The molar mass of $NH_3$ is $17 \ g/mol$ and the molar mass of $CO_2$ is $44 \ g/mol$.
Since $M_{NH_3} < M_{CO_2}$,$NH_3$ will diffuse faster than $CO_2$.
The ratio of their rates of diffusion is given by:
$\frac{r_{NH_3}}{r_{CO_2}} = \sqrt{\frac{M_{CO_2}}{M_{NH_3}}} = \sqrt{\frac{44}{17}} \approx 1.61$.

(C) For gases at different pressures,the rate of effusion $r$ is given by Graham's Law modified for pressure:
$r = \frac{P \times A}{\sqrt{2 \pi M R T}} \propto \frac{P}{\sqrt{M}}$
Thus,$\frac{r_1}{r_2} = \frac{P_1}{P_2} \sqrt{\frac{M_2}{M_1}}$
Given: $P_{N_2} = 0.8 \, atm$,$t_{N_2} = 38 \, s$,$M_{N_2} = 28 \, g/mol$,$P_X = 1.6 \, atm$,$t_X = 57 \, s$.
Since $r = \frac{n}{t}$,we have $\frac{r_{N_2}}{r_X} = \frac{t_X}{t_{N_2}} = \frac{57}{38} = 1.5$.
Substituting into the formula: $1.5 = \frac{0.8}{1.6} \sqrt{\frac{M_X}{28}}$
$1.5 = 0.5 \times \sqrt{\frac{M_X}{28}}$
$3 = \sqrt{\frac{M_X}{28}}$
$9 = \frac{M_X}{28}$
$M_X = 9 \times 28 = 252 \, g/mol$.

(C) From the ideal gas equation,$PV = nRT = \frac{m}{M}RT$.
Rearranging for density $(d = \frac{m}{V})$,we get $d = \frac{PM}{RT}$.
Since $M$ (molar mass) and $R$ (gas constant) are constant for a given gas,$d \propto \frac{P}{T}$.
To maximize density $(d)$,we need the highest pressure $(P)$ and the lowest temperature $(T)$.
Comparing the given conditions:
$A$: $T = 373 \, K$
$B$: $T = 546 \, K$
$C$: $T = 273 \, K$
$D$: $T = 298 \, K$
The lowest temperature is $0 \, ^\circ C$ $(273 \, K)$ at $1 \, atm$ pressure.
Therefore,the density is maximum at $0 \, ^\circ C$ and $1 \, atm$.

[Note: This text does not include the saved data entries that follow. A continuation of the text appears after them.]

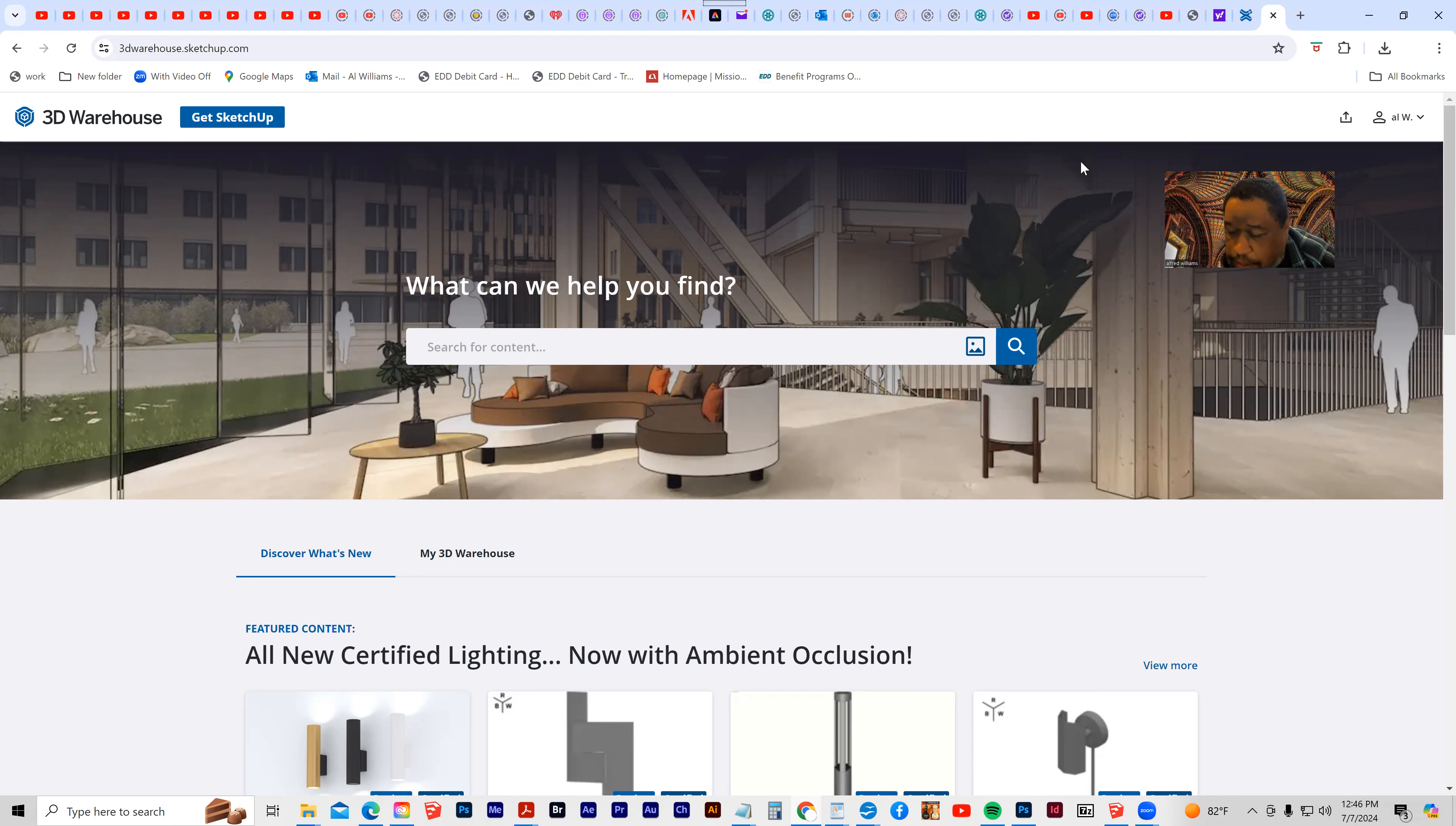If I go into here, I can actually get models directly from here, and I can also import extensions. But the version of SketchUp that I'm currently using is too old, it won't allow me to import things. But let me show you how it works.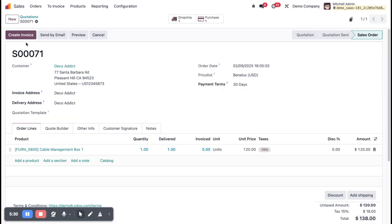Now go back to the sales order. After that, you can create the invoice for this sales order. So basically, this is the drop shipping method and how you configure it in the system. First, enable the drop shipping method, then go to the product's Purchase tab to select the vendor and set the routes. If you have any questions, write a comment in the comment box. Thank you.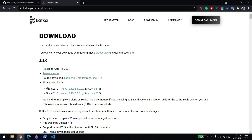Hi everyone, welcome back. In this video we will learn how we can install Kafka in Windows 10, and also how we can use producer and consumer to send and receive messages.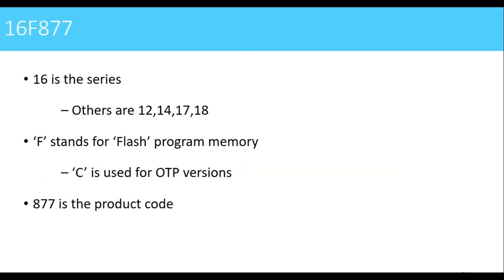The controller that we are going to study is PIC 16F877. In this, 16 is the series. Other series are also available like 12, 14, 17, and 18. And now these days 24 is also available.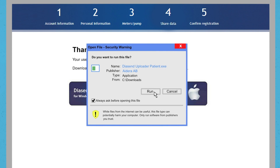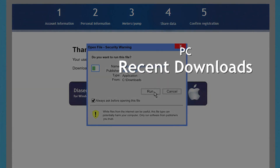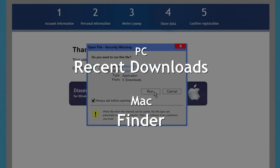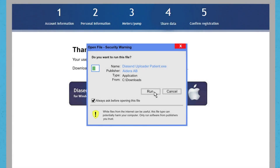Note that depending on your web browser, you may need to search for the downloaded installation file in your recent downloads folder on your PC, or in Finder if you're a Mac user. Or you may just automatically get the popup window on screen to run the file.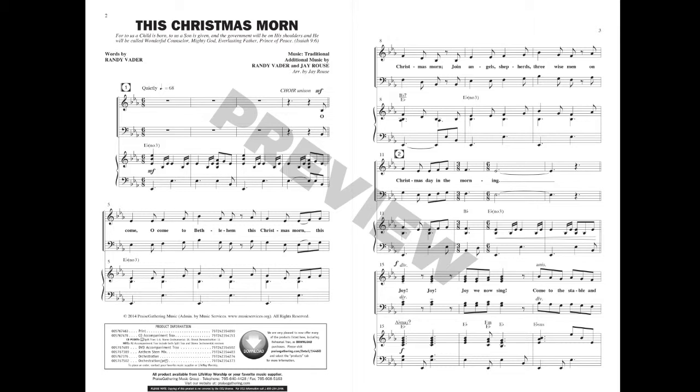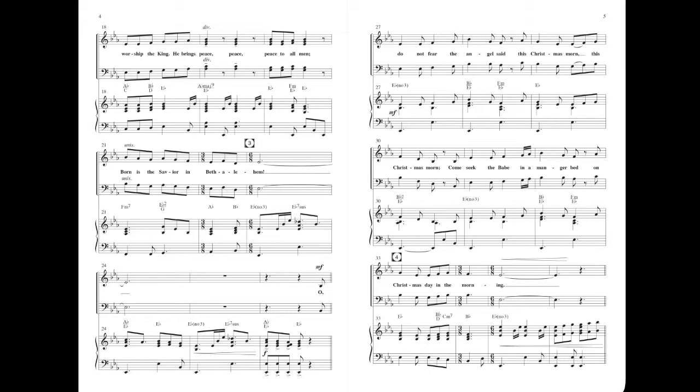Joy, joy, joy, joy, we now sing. Come to the stable and worship the king. He brings peace, peace, peace to our land. Born is the Savior in Bethlehem.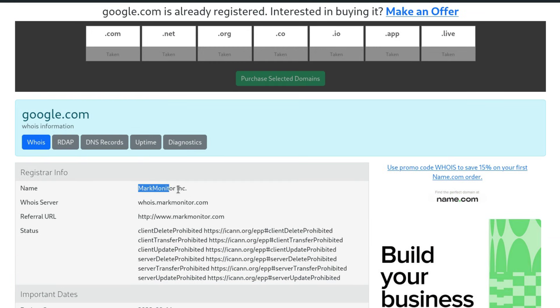By the way, I forgot to mention earlier, MarkMonitor is a domain registrar. It is similar to GoDaddy, which registers your domain.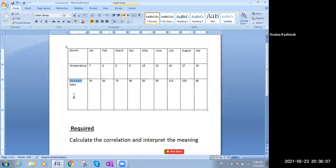The independent is the temperature. Nothing affects the temperature, but the temperature affects the sales. So the temperature is an independent variable, and the sales of the ice cream or Pepsi or whatever is a dependent variable, because it depends on the temperature.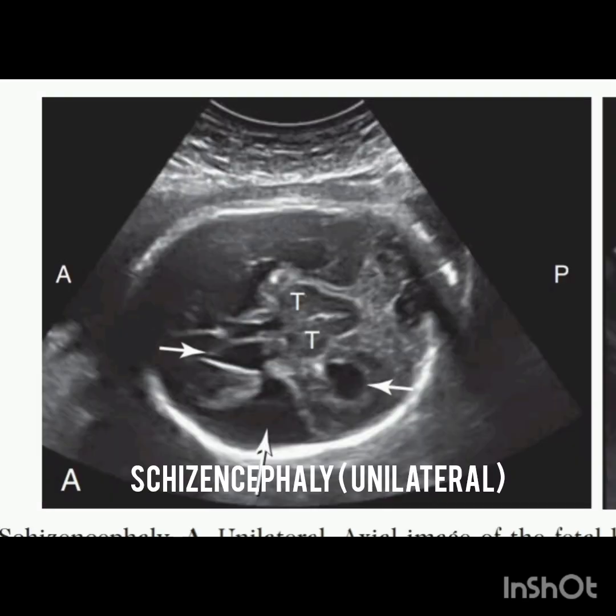Now this is the image of schizencephaly. It is a rare disorder in which the brain defect lined by brain matter extends between the lateral ventricle and the cerebral cortex to communicate with the subarachnoid space. This is the image of open lip schizencephaly, characterized by separation of the walls of the cleft by cerebrospinal fluid, facilitating its identification at the antenatal ultrasound scan.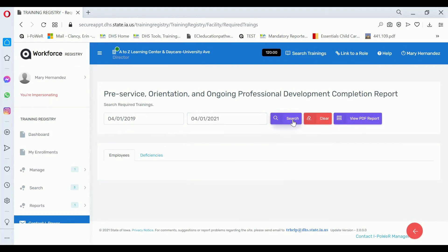Either click Search to see your employees separately and click on their information, or click View the PDF report. If you click on View the PDF report, that's the same report that the licensing consultants use to look to see if you have all of your requirements met.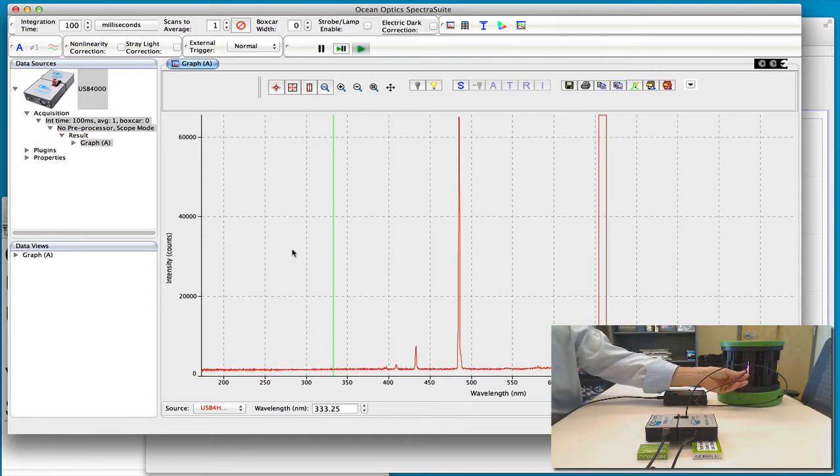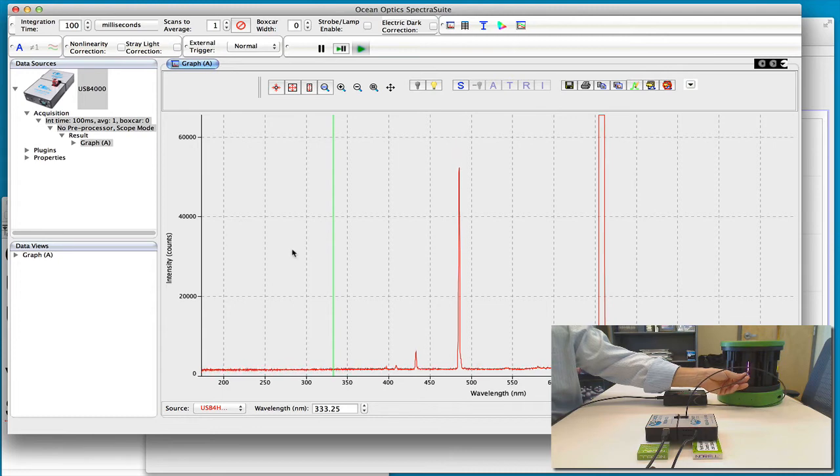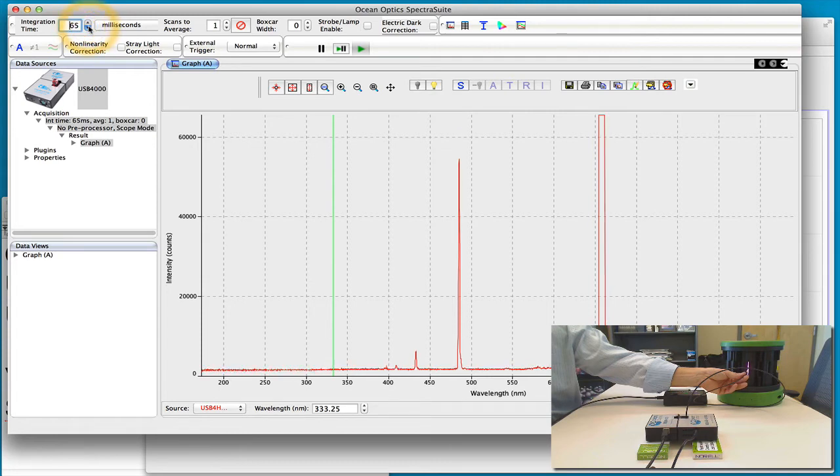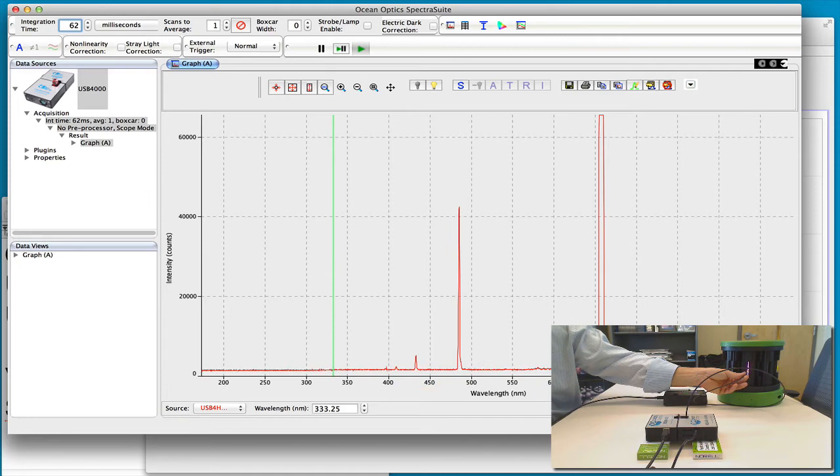And you'll see that we can easily start to get the emission lines from hydrogen. In fact we can go down, we're integrating for 100 milliseconds here, we can integrate lower and lower. So you can see we can get each of the characteristic Balmer series hydrogen emission lines.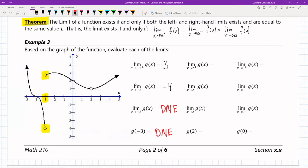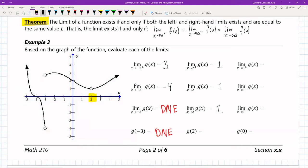Middle column, x = 2: approaching from the positive side, the y values approach 1. Approaching from the negative side, they also approach 1. Since the positive and negative limits are equal, the flat two-sided limit is also equal to 1. Note that g(2) does not exist — it's an open circle, so the function is not defined there.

(B) Pressure is defined as force per unit area $(P = F/A)$.
Energy per unit volume is given by $\frac{\text{Energy}}{\text{Volume}} = \frac{\text{Force} \times \text{Distance}}{\text{Area} \times \text{Distance}} = \frac{\text{Force}}{\text{Area}} = \text{Pressure}$.
Therefore,the unit of pressure is equivalent to energy per unit volume.

(A) Absolute zero ($0 \, K$ or $-273.15 \, ^oC$) is the theoretical temperature at which all molecular motion is assumed to cease.

(D) The density of the gas is $2.86 \, g \, L^{-1}$,which means $1 \, L$ of the gas has a mass of $2.86 \, g$.
At $STP$,$1 \, \text{mole}$ of any ideal gas occupies $22.4 \, L$.
Therefore,the molar mass of the gas = $\text{Density} \times 22.4 \, L \, \text{mol}^{-1}$.
Molar mass = $2.86 \, g \, L^{-1} \times 22.4 \, L \, \text{mol}^{-1} = 64.064 \, g \, \text{mol}^{-1} \approx 64 \, g \, \text{mol}^{-1}$.
The molar mass of $SO_2$ is $32 + (2 \times 16) = 64 \, g \, \text{mol}^{-1}$.
Thus,the gas is $SO_2$.

(A) According to Graham's Law of diffusion,the rate of diffusion $r$ is inversely proportional to the square root of the molar mass $M$: $\frac{r_1}{r_2} = \sqrt{\frac{M_2}{M_1}}$.
Given $M_{H_2} = 2 \ g/mol$ and $M_{gas} = 98 \ g/mol$.
The relative rate of diffusion of the gas with respect to hydrogen is $\frac{r_{gas}}{r_{H_2}} = \sqrt{\frac{M_{H_2}}{M_{gas}}}$.
Substituting the values: $\sqrt{\frac{2}{98}} = \sqrt{\frac{1}{49}} = \frac{1}{7}$.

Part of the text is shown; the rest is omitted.